* **EXERCISE BRIEF**: For the data below, restate word for word only the lines from the line containing "Luxury Beige en" through the line containing "Fixies vs Glitch Boss - Now", both ends included.

* **DATA RECORDS**:
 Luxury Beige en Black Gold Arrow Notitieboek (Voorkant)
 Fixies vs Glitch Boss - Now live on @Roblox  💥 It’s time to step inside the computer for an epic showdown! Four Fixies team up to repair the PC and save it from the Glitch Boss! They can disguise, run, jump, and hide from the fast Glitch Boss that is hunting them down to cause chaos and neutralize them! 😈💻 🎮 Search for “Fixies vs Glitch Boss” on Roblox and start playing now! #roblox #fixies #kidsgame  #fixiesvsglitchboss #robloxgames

---

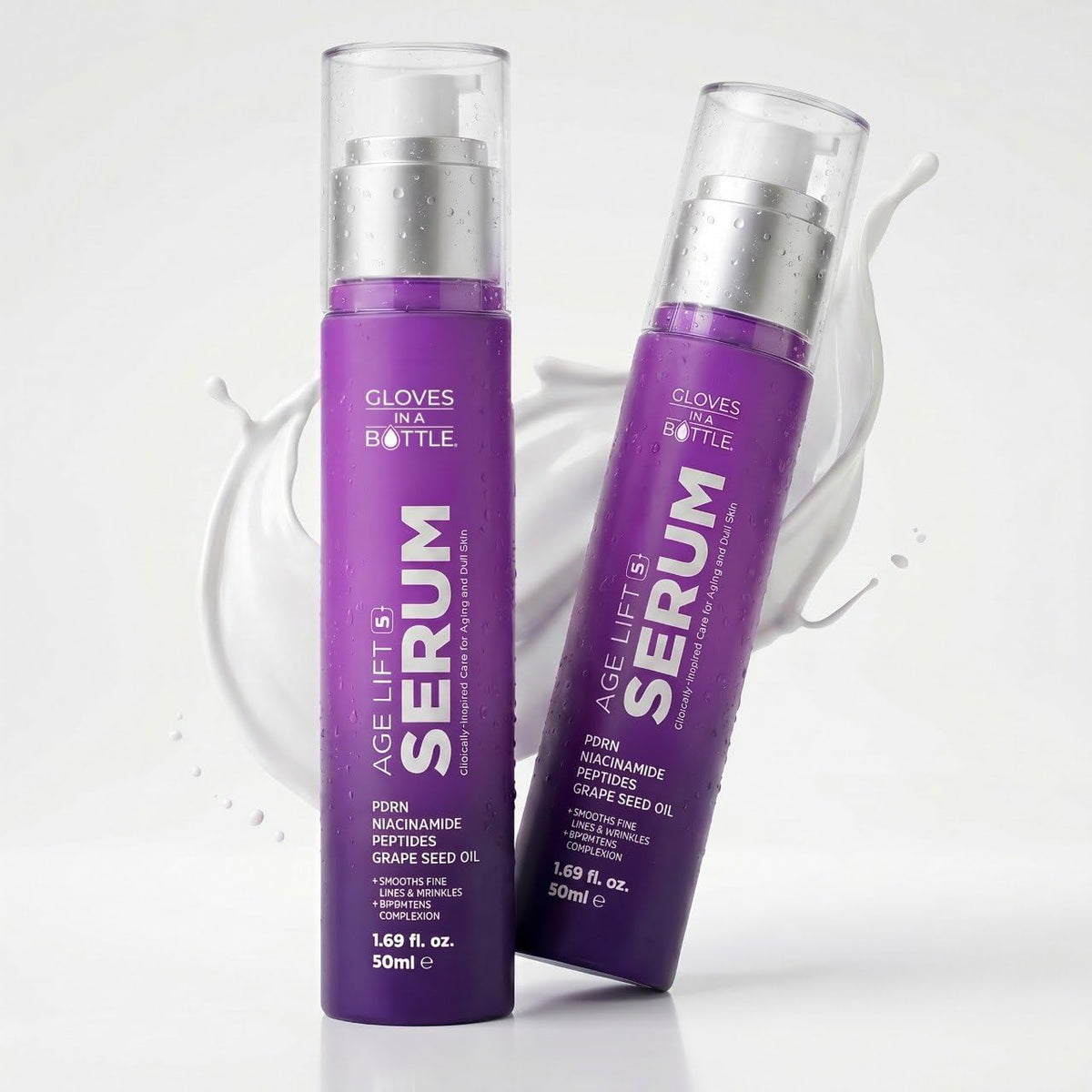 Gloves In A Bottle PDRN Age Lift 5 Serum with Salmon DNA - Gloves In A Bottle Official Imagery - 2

* * *

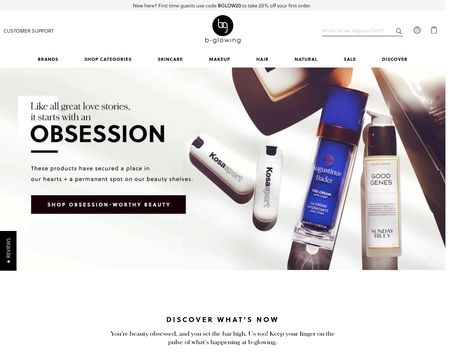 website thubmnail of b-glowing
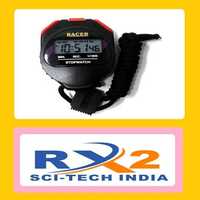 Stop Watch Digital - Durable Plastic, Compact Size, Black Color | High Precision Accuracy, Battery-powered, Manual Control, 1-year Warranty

* **ANSWER BOX**:
 Luxury Beige en Black Gold Arrow Notitieboek (Voorkant)
 Fixies vs Glitch Boss - Now live on @Roblox  💥 It’s time to step inside the computer for an epic showdown! Four Fixies team up to repair the PC and save it from the Glitch Boss! They can disguise, run, jump, and hide from the fast Glitch Boss that is hunting them down to cause chaos and neutralize them! 😈💻 🎮 Search for “Fixies vs Glitch Boss” on Roblox and start playing now! #roblox #fixies #kidsgame  #fixiesvsglitchboss #robloxgames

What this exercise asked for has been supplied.